In his story "The Purloined Letter" Edgar Allan Poe's main character, Monsieur Dupin, tells of a game people used to play with a map. Let's say it was a map of France showing and naming its counties, cities, towns, and villages in large or small letters. The rules of the game were simple. One player would select a locality's name and challenge the other players to guess what it was. Now normally a novice at the game might select one of the localities printed tinier, less apparent letters. But the really shrewd player would choose the name of F R A N C E itself, because, being printed in the largest letters and spaced across the whole map, it was very likely to be overlooked by everybody - "by dint of its being excessively obvious".

You could say that's the very reason the religious leaders of Jesus' time overlooked him entirely. Like the usual player of Dupin's game, they, too, had this tendency to study only fine print, assuming that's where they might find the answer to the
quiz of human existence. And all the while Jesus walked among them like the name of
F R A N C E written across the whole landscape of the times in which they lived.

By that I mean, smallness was their preference. Their concept of God had become petty. They saw him merely as the Chief Justice of the Cosmic Supreme Court, author of a million petty ways of doing things; the source of minute rules covering everything from Sabbath behavior and hygiene. They saw him as narrowly partial to his chosen people and disdainful of Samaritans, Syrians, prostitutes, publicans, to "different" people in general. (All of which makes one suspect that this aloof, biased and irritable God was more a reflection of themselves than the original and intimate God of the Bible who walked with Adam in the cool of the evening and dined in triplicate with ancient Abraham outside his shepherd's tent.)

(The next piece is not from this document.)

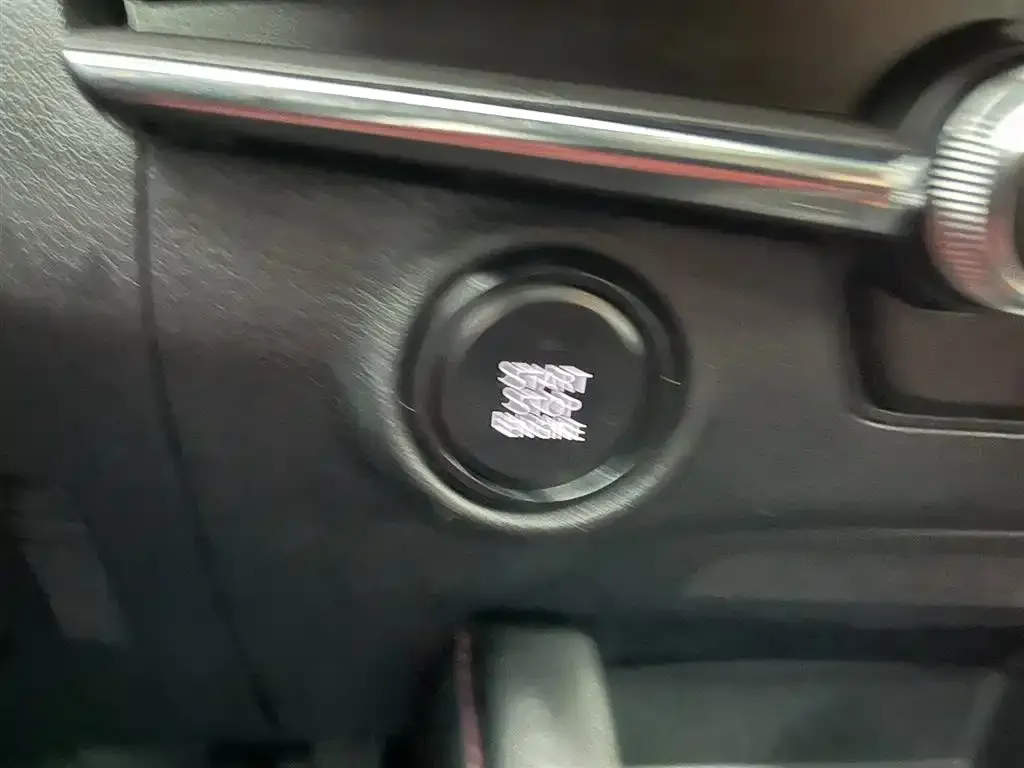 Mazda 3 Axela 2022 из CN, фото 4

And since Jesus didn't fall within their narrow concept of God and their God's way of doing things, they ultimately wrote him off. Oh yes, when he first came upon the scene valuing people more than rubrics, saying things like the Sabbath was made for people and not people for the Sabbath; when he did not hesitate to dine with a public sinner or to allow himself to be touched by a prostitute; when he began to forgive people's sins as though it were the easiest thing in the world to do, they did become curious and concerned. They sent delegations to size him up, to match him against the standards of the ominous God they worshipped and found him totally out of synch. They couldn't contain him within the old wine skins they had brought along. His responses to their three dimensional questions had a strange, four dimensional ring to them. And so they turned away to continue their tedious search for the answers to life amid the footnotes of their tradition.

And yet there was Jesus in CAPITAL LETTERS, as large as LIFE itself, as large as true God must be: caring, forgiving, healing, uttering parables loaded with grace, ready to lay down his life for everyone and anyone - the incarnation of the only God worth believing in, a Creator of unrelenting understanding and compassion.

You know the old sayings about a person's not being able to see the forest for the trees and never trust a mathematician out of square roots. Therein lies a warning to all of us. Never allow yourself to miss the obvious truth by too much analysis. Our creed is a simple one: God is LOVE and whoever abides in LOVE abides in God and God in him - and her!